Art is meant to make us feel something.  Whether it is writing, painting, a video game (yes I consider games a medium of art, just look at those things!), or a doodle in a sketchbook, art is emotion.  Books and games helped me through some of the toughest times of my life and continue to help me through difficult days.

That is why I write.  I write for the hurt ones.  The lost ones.  The boys and girls who have gone through unspeakable horrors and cannot find words to come to terms with what has happened to them.  The ones who pick up a book to be swept away into another world to escape the one that they are in.  The ones who desperately need to read about someone who has gone through something that they can relate to, whether the situation is the same or just the emotions are the same.  Writing heals and fantasy is a way to bring together escapism and healing and bring our young people back into reality feeling whole.

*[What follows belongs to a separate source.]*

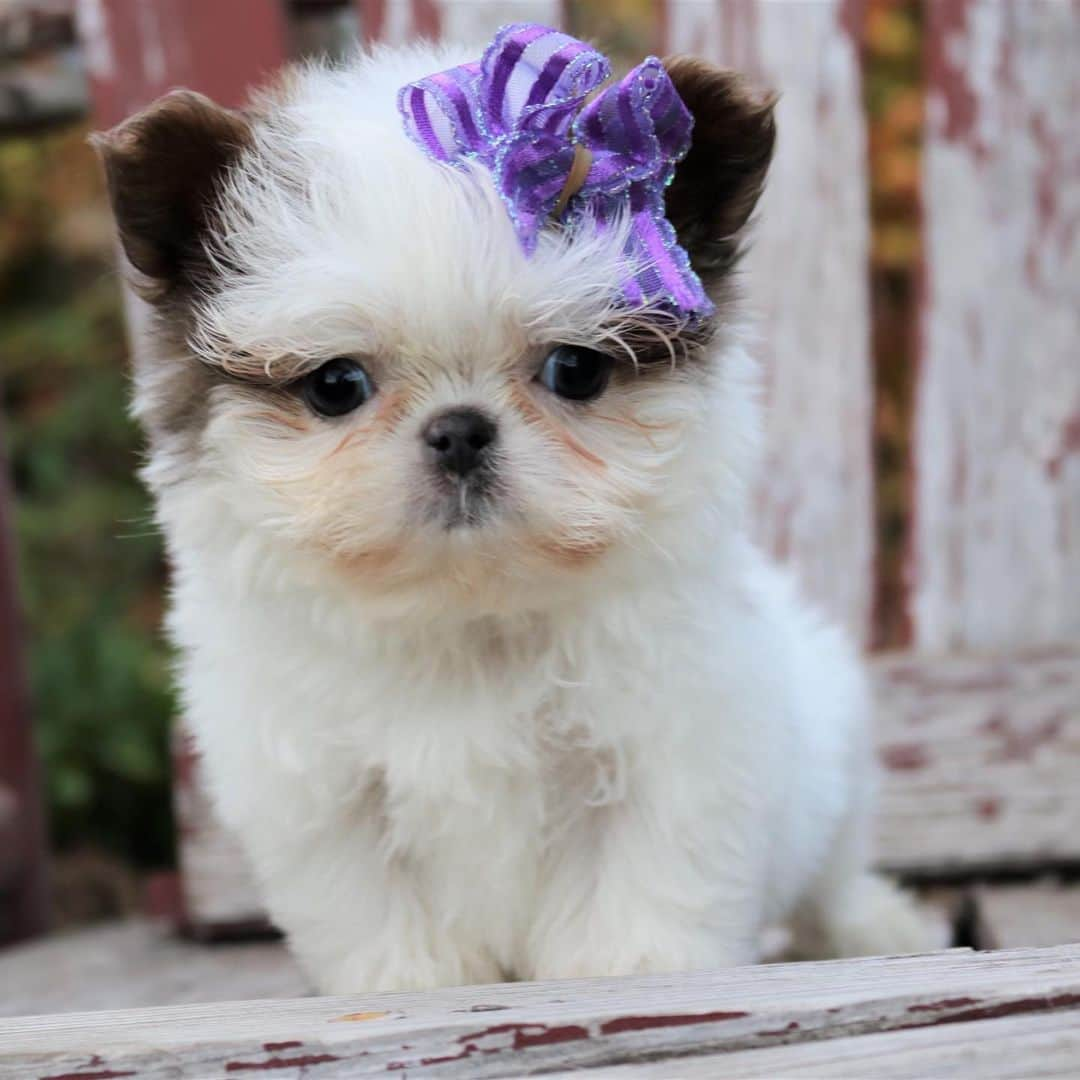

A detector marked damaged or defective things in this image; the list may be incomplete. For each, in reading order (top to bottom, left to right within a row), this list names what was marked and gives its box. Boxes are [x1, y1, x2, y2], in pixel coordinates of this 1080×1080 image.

chipped paint surface [665, 0, 876, 639]
chipped paint surface [911, 0, 1080, 648]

This blog is about my journey as a writer.  I want to share with you what I believe writing should be, what I am doing with my writing and to just share some of the things I love.  I have a love for fantasy in all mediums, and if it hasn’t been made clear by this point in the entry, I write fantasy fiction.  I hope to share reviews of books I love and give recommendations for anyone looking for an escape or healing.  I play a lot of video games and would love to talk about them here, especially video games as an art form and how they contribute to the fantasy genre.  Music is also a huge influence to my writing and I plan to talk about how that medium has shaped me.

Here I am starting a journey.  Come with me and let us get lost in a place that will blur the lines between reality and fantasy until we walk as if both worlds are one.